Introdução: O trabalho de arquivo de historiadores sociais como Michael McVaugh e Joseph Shatzmiller demonstrou o número amplamente desproporcional de profissionais médicos entre a minoria judaica no final da Idade Média de Castela, na Coroa de Aragão e na Provença. No início do século XIV, os judeus constituíam um terço de todos os médicos listados nos arquivos de Barcelona, ​​uma cidade cuja população judaica era de aproximadamente 5% do total e essa proporção não era incomum. Estima-se que, após a Peste Negra em meados do século XIV, 20-30% dos profissionais médicos que serviam a comunidade cristã na Catalunha, Aragão, Valência e Maiorca eram judeus. Depois do empréstimo de dinheiro, a medicina era a forma mais comum de emprego para os judeus.
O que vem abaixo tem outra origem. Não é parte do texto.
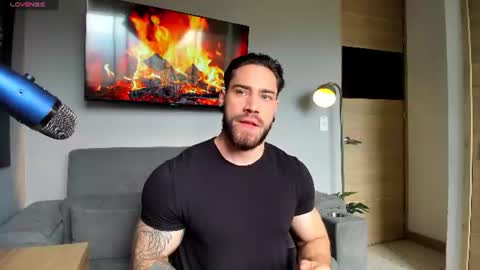Snapshot of giorgio_leone2 chatting on July 20, 7:49 pm Giorgio leone online show from July 20, 7:49 pm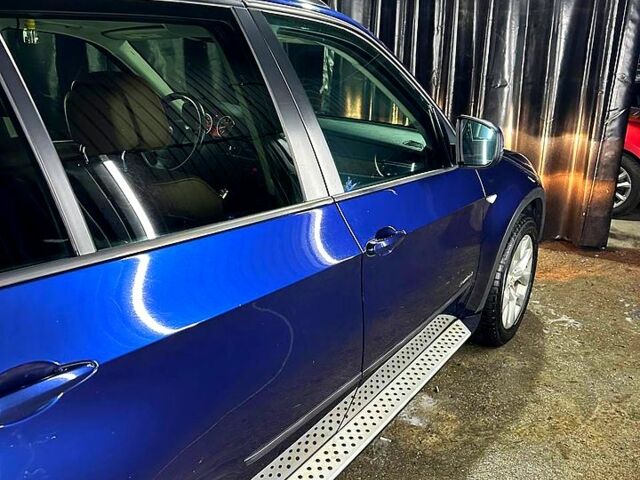 Синий БМВ Х5, объемом двигателя 3 л и пробегом 175 тыс. км за 12500 $, фото 5 на Automoto.ua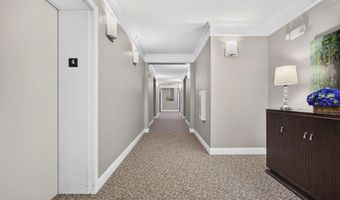 41895 CATHEDRAL VALLEY Sq 401, Aldie, VA 20105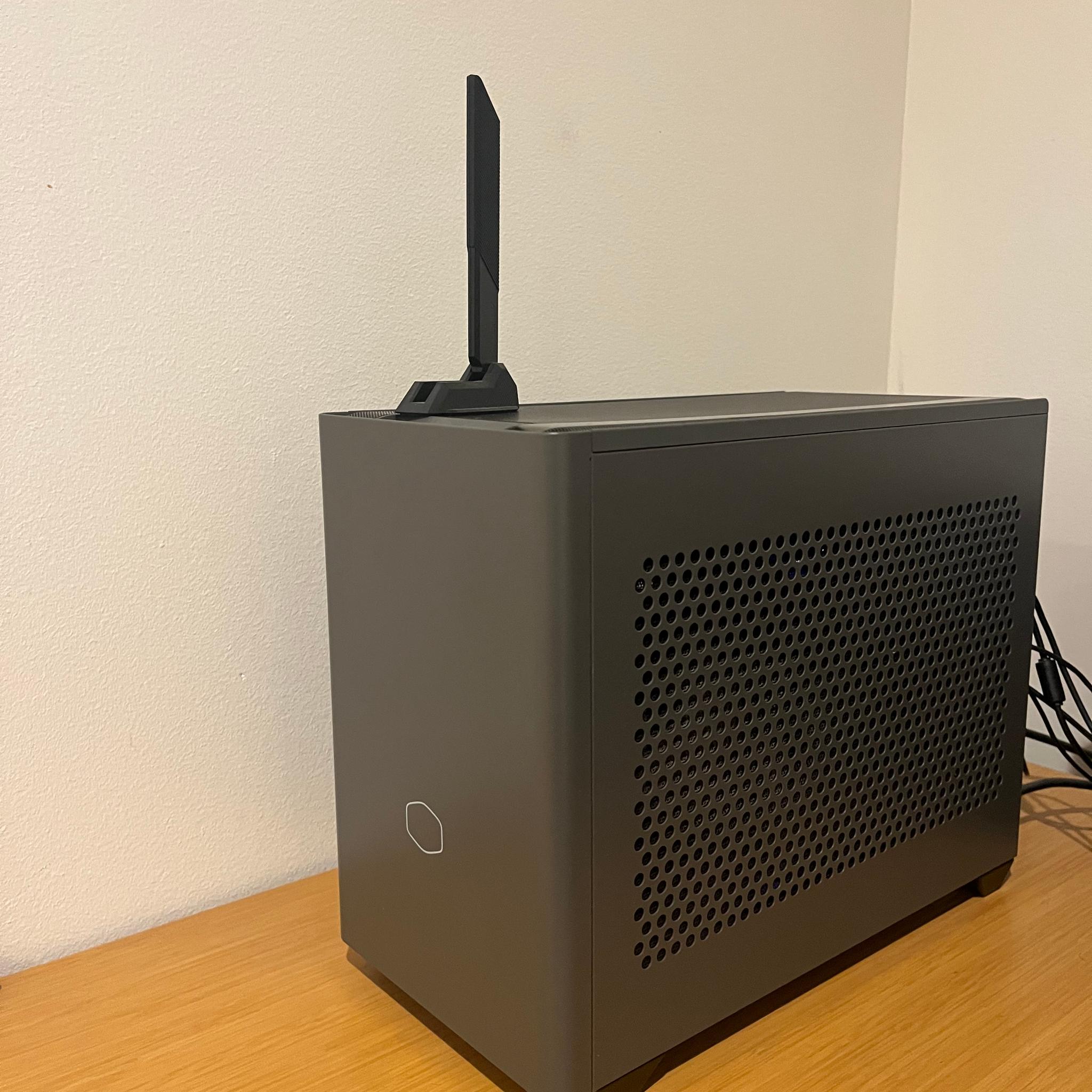 I7-13700F | RTX 4070 Ti Super 16 GB | 32 GB DDR5 | ASUS ROG STRIX Z690-I DDR5 | GEN5 NVMe 1TB
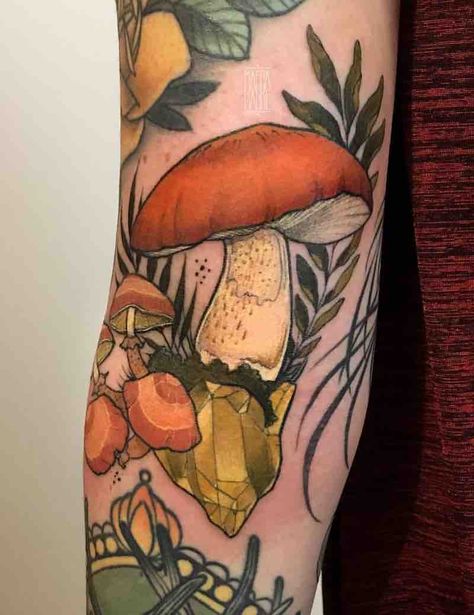 28 Enchanting Mushroom Tattoos – Tattoo Insider Botanisches Tattoo, Mushroom Tattoo, Autumn Tattoo, Kunst Tattoos, Mushroom Tattoos, Theme Tattoo, Botanical Tattoo, 1 Tattoo, Arte Sketchbook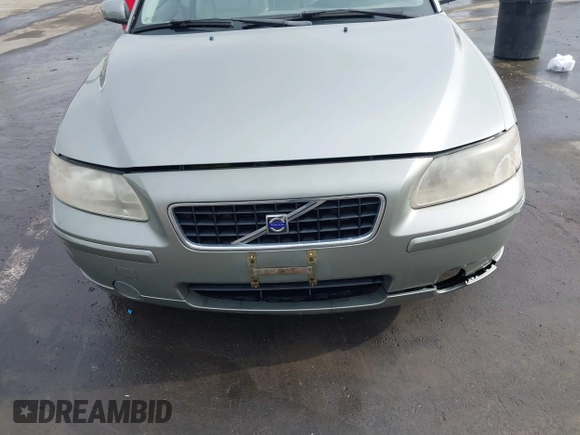 2006 Volvo S60 2.4L Turbo with VIN YV1RS547X62555387, listed as a IAAI auction lot 41216578 with 126,250 mi miles. Bid and sale history available at carsss.com. Image 12.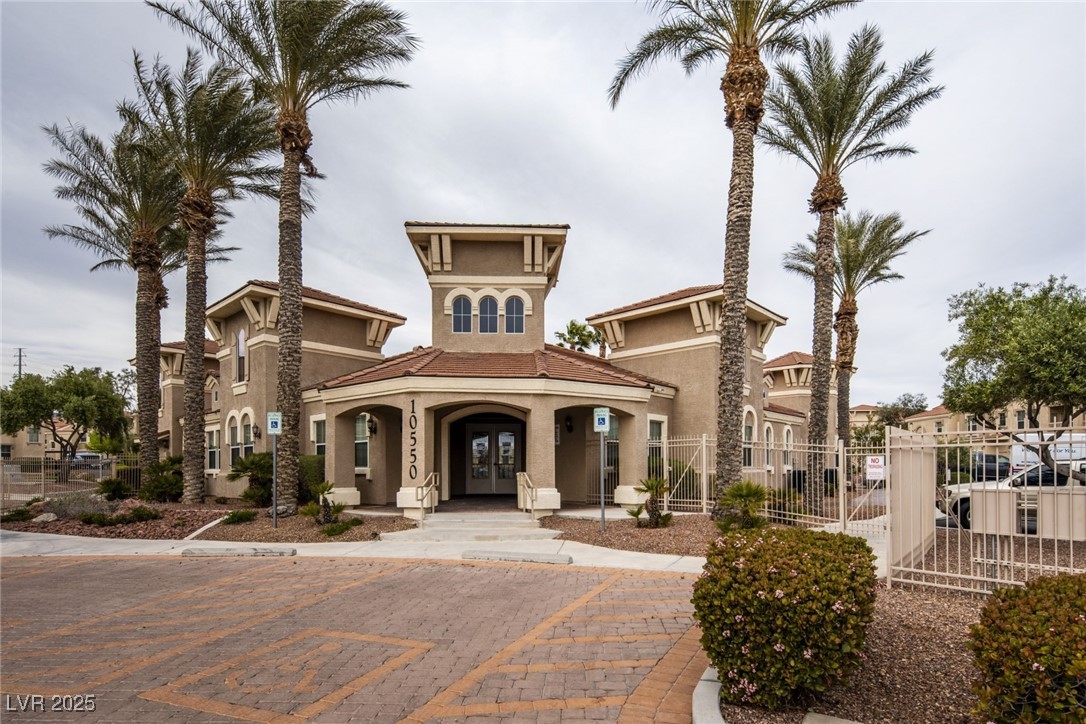 Las Vegas, Nevada 89129, United States, 2 Bedrooms Bedrooms, ,2 BathroomsBathrooms,Residential,Active,239732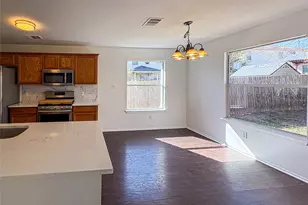 11704 Paul E Anderson Dr, Austin, TX 78748 - Photo 11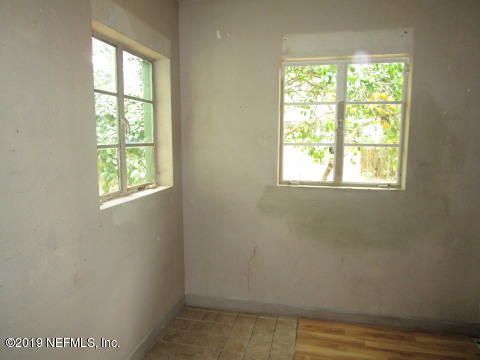 4031 Peach Dr, Jacksonville, FL 32246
Mas os arquivos não contam toda a história. Muito pode ser recolhido das centenas de manuscritos médicos da Península Ibérica e da Provença medievais que permanecem em bibliotecas ao redor do mundo. A maioria ainda não foi editada e publicada, mesmo aqueles tão significativos como o Cânon de Medicina de Avicena em suas versões em hebraico. No entanto, nos últimos anos, graças a estudiosos como Gerrit Bos, Lola Ferre, Gad Freudenthal, o falecido Luís García-Ballester e Tzvi Langermann, entre muitos outros, textos importantes foram identificados, catalogados e descritos, obras foram publicadas em em suas línguas originais e na tradução, estudos linguísticos foram realizados e algumas questões temáticas foram exploradas. Apesar das lacunas remanescentes, agora sabemos muito mais sobre o que significava ser um médico judeu na Península Ibérica medieval, que tipos de conhecimento médico eram valorizados, a importância do árabe e dos vernáculos Occitano / Catalão na transmissão desse conhecimento, e algo do grau em que os médicos em atividade estavam familiarizados com o latim. Estamos, portanto, em uma posição muito melhor para captar o alcance e as características daqueles judeus que se engajaram na prática médica na Península Ibérica medieval.